### Try it:
Set the listing down again exactly, please, apart from its pictures.

(Given material Opens)

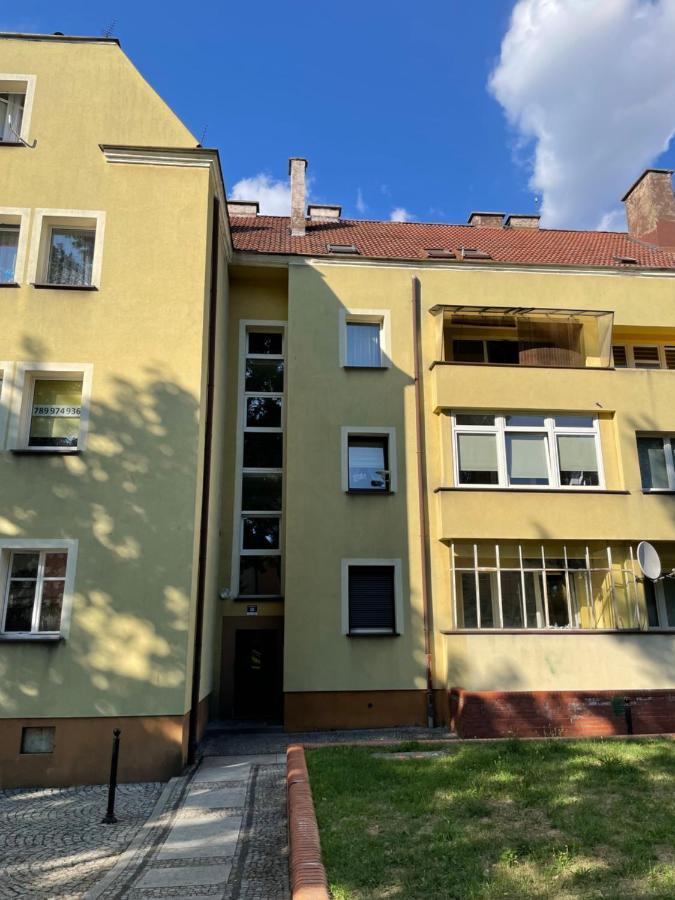 Small Apartament In Heart Of Boleslawiec City Екстериор снимка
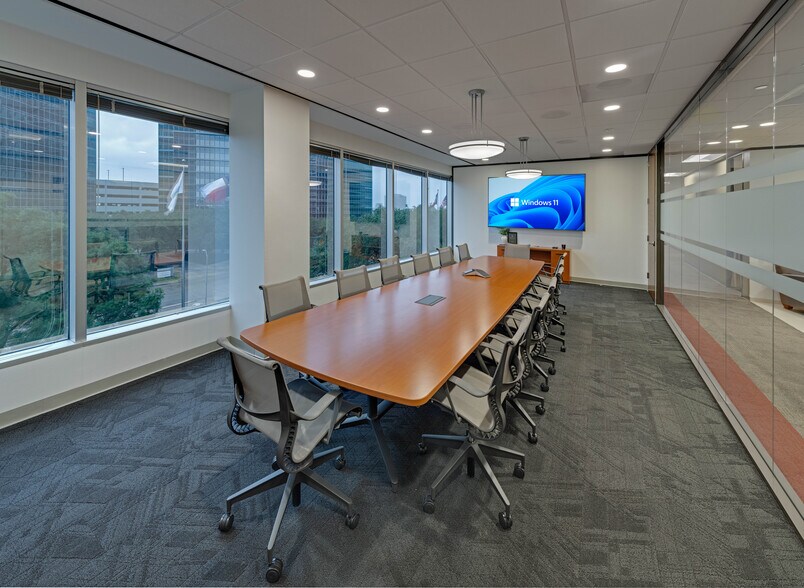 More Photos Of 10375 Richmond Ave, Houston Office For Sale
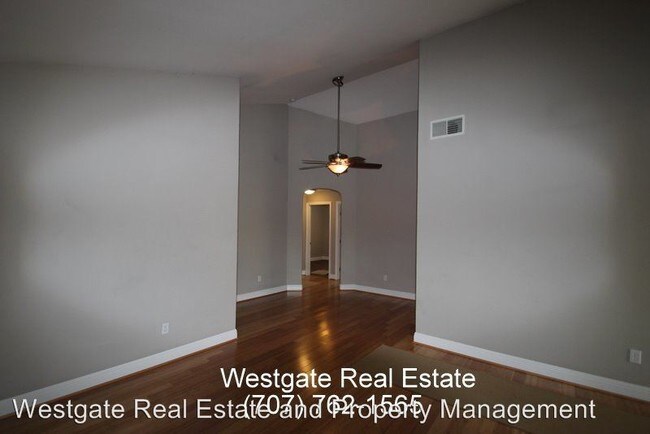 Building Photo - 3 br, 2 bath House - 1513 Mary Place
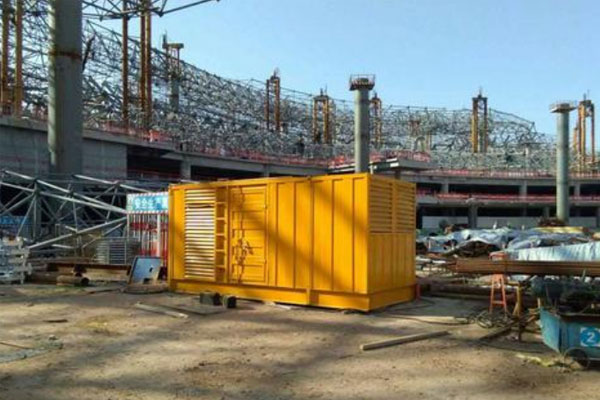 瓦房店发电机出租如何判断空气滤清器是否需要更换？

(Given material Closes)

### Answer section:
 Small Apartament In Heart Of Boleslawiec City Екстериор снимка
 More Photos Of 10375 Richmond Ave, Houston Office For Sale
 Building Photo - 3 br, 2 bath House - 1513 Mary Place
 瓦房店发电机出租如何判断空气滤清器是否需要更换？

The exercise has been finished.